Imaging protocol: Obtain chest radiography to document sternal defects, followed by echocardiography to define all cardiac anomalies (ASD, VSD, valvular abnormalities), and CT or MRI for precise delineation of diaphragmatic, pericardial, and abdominal wall defects before surgical planning 2, 3, 4.

Immediate Stabilization

Cardiac assessment takes priority as the severity of intracardiac defects determines survival—mortality approaches 80% in complete pentalogy 1. Look specifically for:

• Signs of cardiac failure: easy fatigability, restlessness during feeding, tachypnea 1
• Oxygen saturation and hemodynamic stability 1
• Presence of cyanosis or signs of pulmonary hypertension 6

Initiate cardiac failure treatment immediately if signs develop, including diuretics and afterload reduction 1.

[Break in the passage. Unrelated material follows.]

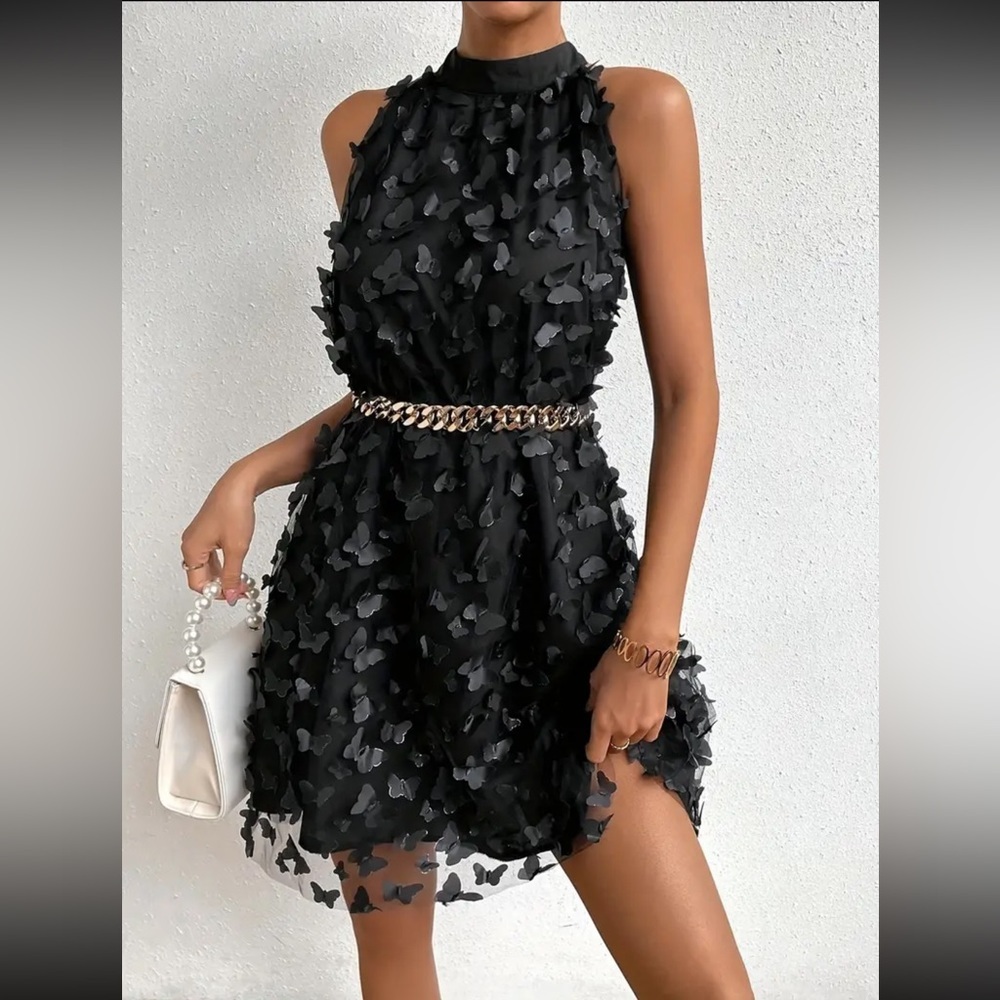 NEW Butterfly appliqué halter mini dress, Size Med.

Surgical Management Algorithm

Stage 1: Cardiac repair or palliation must be addressed first if hemodynamically significant defects exist 6. The cardiac anomalies dictate the surgical approach:

• For simple lesions (small ASD/VSD): May defer cardiac repair until later stages 6
• For moderate complexity lesions (large ASD/VSD, valvular disease): Require early definitive repair 6
• For complex lesions with cyanosis: May require initial palliation with systemic-to-pulmonary shunts 6

Stage 2: Thoracoabdominal wall reconstruction should occur as early as feasible after cardiac stabilization 1, 4:

• Close the sternal defect using prosthetic materials if native tissue insufficient 6
• Repair the anterior diaphragmatic hernia, reducing herniated organs and closing the diaphragmatic defect 6
• Close the abdominal wall defect, which may require staged closure if primary closure creates excessive tension 1, 3
• Address the pericardial defect with pericardioplasty using synthetic materials (Dacron, Gore-tex, or bovine pericardium) 6

Critical Pitfalls to Avoid

Do not delay surgery beyond the neonatal period—early surgical intervention is essential for survival, with reports showing normal growth achieved by 6 years when corrective surgeries are performed early in life 1.

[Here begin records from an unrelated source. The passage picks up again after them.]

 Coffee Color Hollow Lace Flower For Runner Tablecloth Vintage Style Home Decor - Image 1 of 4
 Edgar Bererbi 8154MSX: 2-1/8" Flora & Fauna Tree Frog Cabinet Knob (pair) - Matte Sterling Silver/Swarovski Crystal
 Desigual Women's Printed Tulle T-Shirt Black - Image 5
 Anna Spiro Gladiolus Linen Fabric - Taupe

Do not underestimate resource requirements: This complex surgery requires cardiac surgery capabilities, pediatric intensive care, and long-term follow-up 1. In resource-limited settings, arrange transfer to tertiary centers with cardiac surgery facilities before attempting repair 1.

Do not miss associated anomalies: Screen for additional congenital defects including craniosynostosis, corpus callosum hypogenesis, cleft lip/palate, and other midline defects that occur in up to 30% of cases 6, 3.

Long-Term Management

Classify patients using the ACHD AP system as "Great Complexity" (Class III anatomy) given the multiple structural defects 6. Patients require:

• Lifelong cardiology follow-up in specialized adult congenital heart disease centers 6
• Endocarditis prophylaxis for dental and surgical procedures if residual cardiac defects persist 6
• Serial echocardiography to monitor ventricular function and residual shunts 6
• Assessment for arrhythmias and heart failure symptoms at each visit 6

Prognosis: Survival rate for complete pentalogy is approximately 20%, but successful early surgical repair can result in normal growth and development 1. Mortality without surgery is nearly universal, typically occurring within the first year of life from cardiac failure or infection 1, 5.